Why do Helen Clark and Michael Cullen kow-tow so to business leaders?

Wasn’t it their first year in office that saw them running off to reassure business leaders nothing untoward was going to happen? Wasn’t that Michael Cullen lamenting at the last election about the injustice of business leaders advising a National vote after all Labour had done for them? And now it’s the Greens on their knees in front of the Chambers of Commerce.

Each year over the past five business profits have risen by 11 percent. That’s each year. By contrast, over that entire period, wages have risen just over 8%. Director’s fees for this year alone have risen over 20% while working people work longer hours and get further into debt.

Over the past five years the rich have increased their net worth at a greater annual rate than at any time under National. Meanwhile, according to a UNICEF report, we have the fourth-highest child poverty rate of 26 developed countries.

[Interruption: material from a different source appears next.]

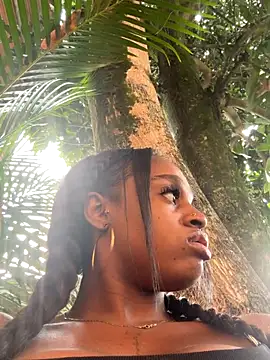 darle volant online show from December 2025 08:44:01 PM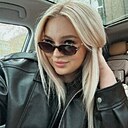 Светлана, 34 года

SO who saved Labour’s bacon?

The hundreds of thousands of south Auckland and west Auckland workers, trudging wearily off to the polls and voting once more for the crowd least likely to harm their lives and their families. Will it be pay-back time, then, from a grateful Labour government? No, we all know it’ll be more of the same. We have to turn to ourselves.

It’s time to put up the hammocks in the fellmongery and tell business leaders to get stuffed. They’ve had their snouts in the trough long enough. We have to set up our own Workers’ Charter with a fighting organisation to go with it, an organisation that we’re part of and which will mobilise behind every worker’s struggle for a decent life.